Evolving applications toward exascale is one of the main aims of the Data Intensive Scientific Computing group at Pacific Northwest National Laboratory. Scientists there are working to establish formal design processes based on Concurrent Collections (CnC), a graph programming model that combines task and data parallelism.
In a short writeup highlighting their work, the group notes that “hiding the complexities that underpin exascale system operations from application developers is a critical challenge facing teams designing next-generation supercomputers.” By combining task and data parallelism, the scientists are progressing toward this important goal.
The team used their technique to transform the Livermore Unstructured Lagrangian Explicit Shock Hydrodynamics (LULESH) proxy application code that models hydrodynamics (the motion of materials relative to each other when subjected to forces) into a complete CnC specification. The specification can be implemented and executed using a paradigm that takes advantage of the massive parallelism and power-conserving features of future exaflop-class systems.
“By developing formal processes that capture data and control dependencies and separate computations from implementation issues, the complexities of exascale systems can be hidden, dramatically decreasing development cost and increasing opportunities for automatic performance optimizations,” explains an article from PNNL highlighting the research.
Instead of the time-consuming method of generating code via trial and error, the CnC specification begins with an overview of the dataflow between software components.
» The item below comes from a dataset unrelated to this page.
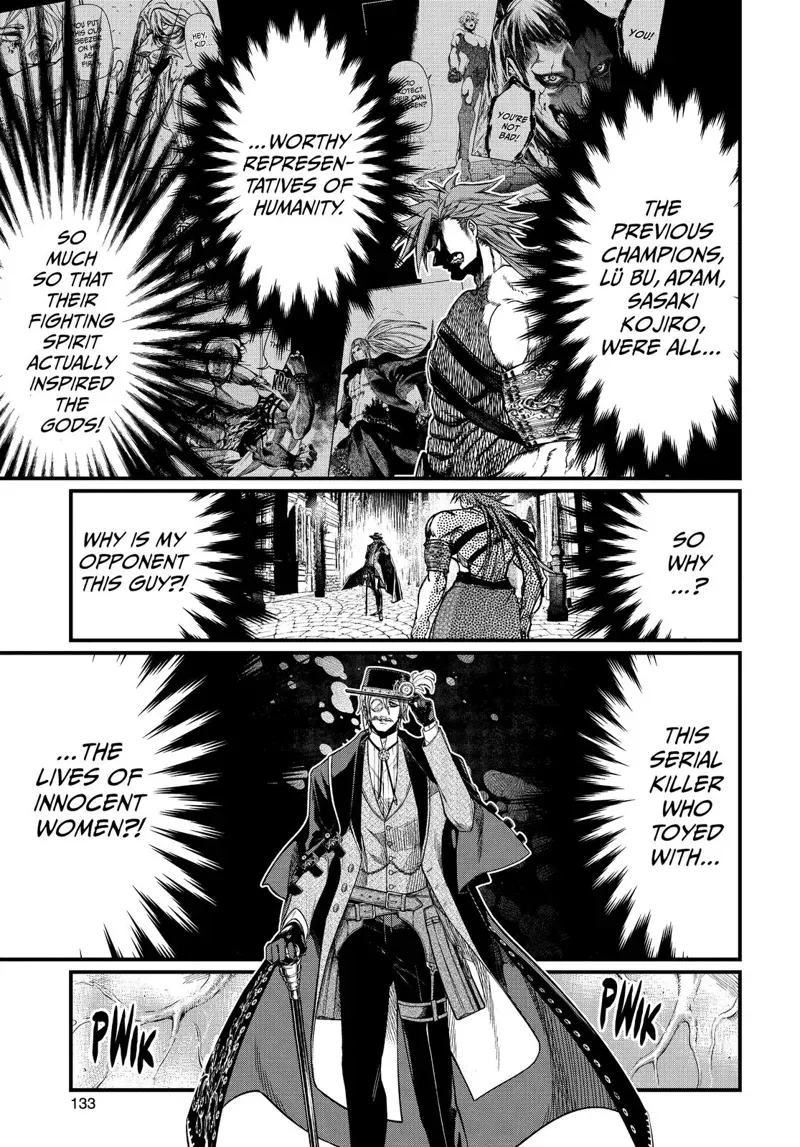 Record of Ragnarok Chapter 21 Page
The next step is formalizing opportunities for analysis and optimization of parallelism, energy efficiency, data movement, and faults. In the case of the CnC model for LULESH, the team started with a whiteboard sketch that came out of an application workshop. Domain experts with functional knowledge provided the application logic for the original assessment. The sketch was transformed into a formal graph at which point the PNNL scientists performed static analysis, applied optimization techniques, and identified bugs. Thus some costs commonly associated with development and testing processes were reduced before any code was written.
“The formalization of scientific applications as graphs is extremely important and enlightening,” said Dr. John Feo, director of the Center for Adaptive Supercomputer Software and Data Intensive Scientific Computing group lead at PNNL. “In addition to providing a natural and obvious pathway for application development, we identified communications and optimization issues that could be addressed with added clarity before the computation steps were even implemented.”
LULESH code was segmented into smaller parts, each corresponding to the formal CnC procedures. Then, the LULESH code was wrapped in CnC steps before executing the application to assess its correctness.
The CnC application method now is being applied to a second software code, MiniGMG, another compact geometric multigrid benchmark for optimization, architecture, and algorithmic research. PNNL’s Data Intensive Scientific Computing group also is engaged in using LULESH to develop and evaluate other tuning models.
This research was carried out as part of the Traleika Glacier X-Stack program, which brings together industrial, academic, and DOE Co-Design centers to address exascale software stack applications. The Traleika Glacier team includes: Intel, the University of Delaware, ET International, Reservoir Labs, the University of Illinois at Urbana-Champaign, Rice University, the University of California, San Diego, and PNNL.